Task material Start Marker

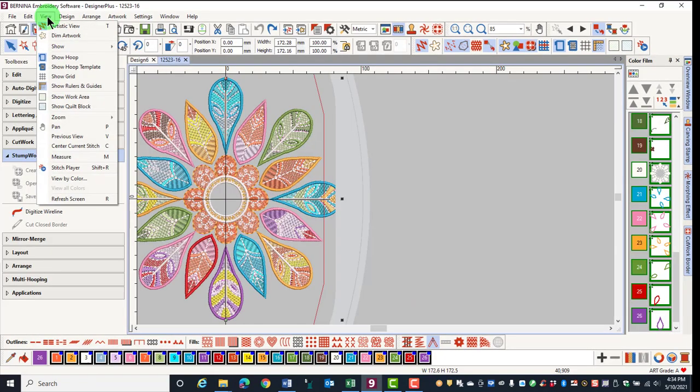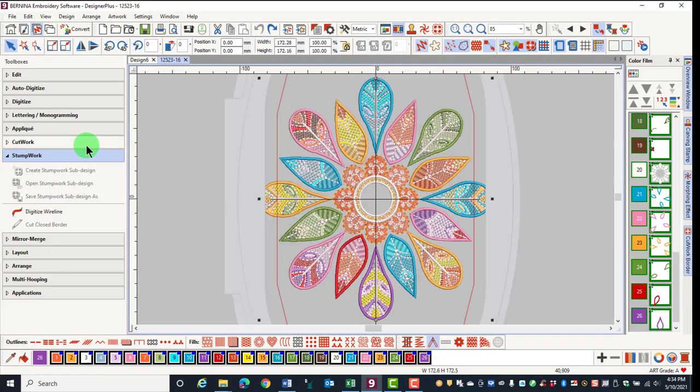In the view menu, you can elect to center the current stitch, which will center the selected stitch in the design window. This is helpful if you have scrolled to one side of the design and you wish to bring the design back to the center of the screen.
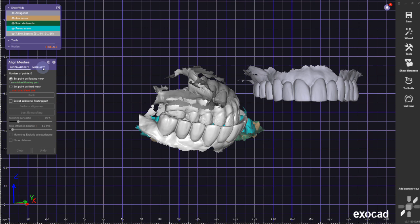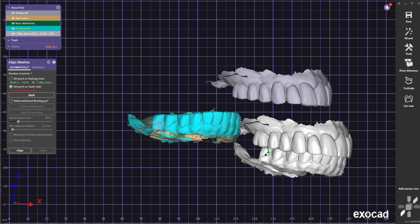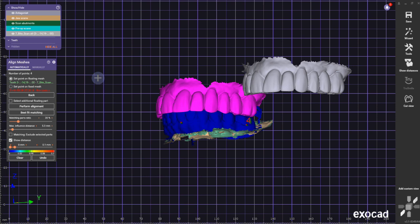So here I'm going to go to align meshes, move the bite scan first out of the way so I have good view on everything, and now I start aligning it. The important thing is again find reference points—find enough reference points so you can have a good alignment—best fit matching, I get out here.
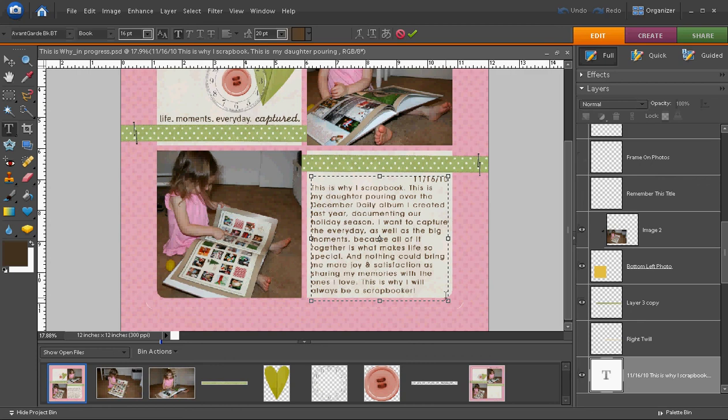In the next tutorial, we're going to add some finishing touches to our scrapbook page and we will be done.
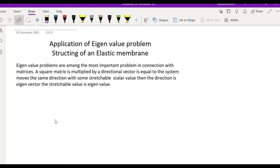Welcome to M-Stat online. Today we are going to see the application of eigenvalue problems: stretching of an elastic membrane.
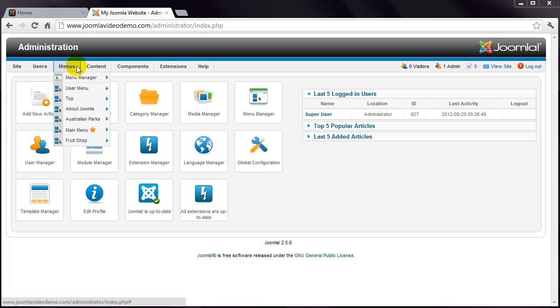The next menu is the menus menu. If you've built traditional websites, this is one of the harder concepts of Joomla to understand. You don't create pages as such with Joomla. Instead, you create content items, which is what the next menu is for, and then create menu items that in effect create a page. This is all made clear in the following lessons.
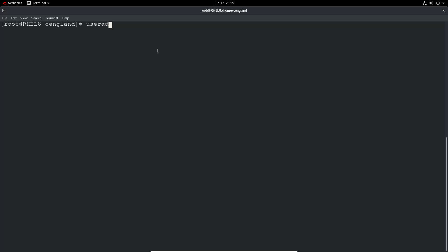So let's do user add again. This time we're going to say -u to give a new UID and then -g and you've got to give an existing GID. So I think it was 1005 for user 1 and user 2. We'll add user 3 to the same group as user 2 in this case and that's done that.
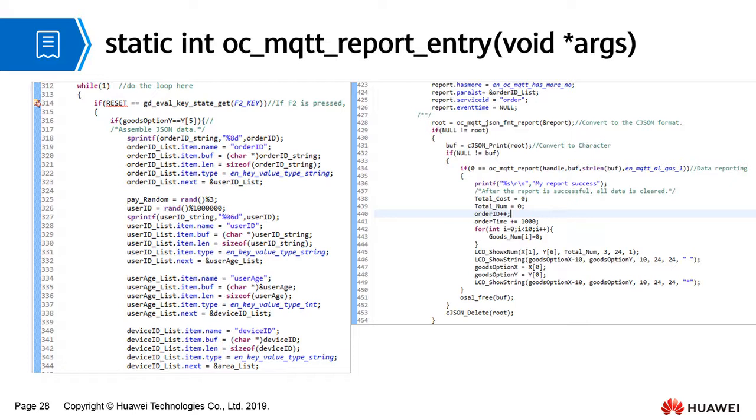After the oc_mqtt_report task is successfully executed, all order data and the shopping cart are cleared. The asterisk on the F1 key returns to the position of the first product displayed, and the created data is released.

Task material End Marker

* [Work task] From the line containing "The next menu is the" to the last line of the entries, output every line exactly as written, but leave out the pictures.

* [Response]
The next menu is the menus menu. If you've built traditional websites, this is one of the harder concepts of Joomla to understand. You don't create pages as such with Joomla. Instead, you create content items, which is what the next menu is for, and then create menu items that in effect create a page. This is all made clear in the following lessons.
So let's do user add again. This time we're going to say -u to give a new UID and then -g and you've got to give an existing GID. So I think it was 1005 for user 1 and user 2. We'll add user 3 to the same group as user 2 in this case and that's done that.
After the oc_mqtt_report task is successfully executed, all order data and the shopping cart are cleared. The asterisk on the F1 key returns to the position of the first product displayed, and the created data is released.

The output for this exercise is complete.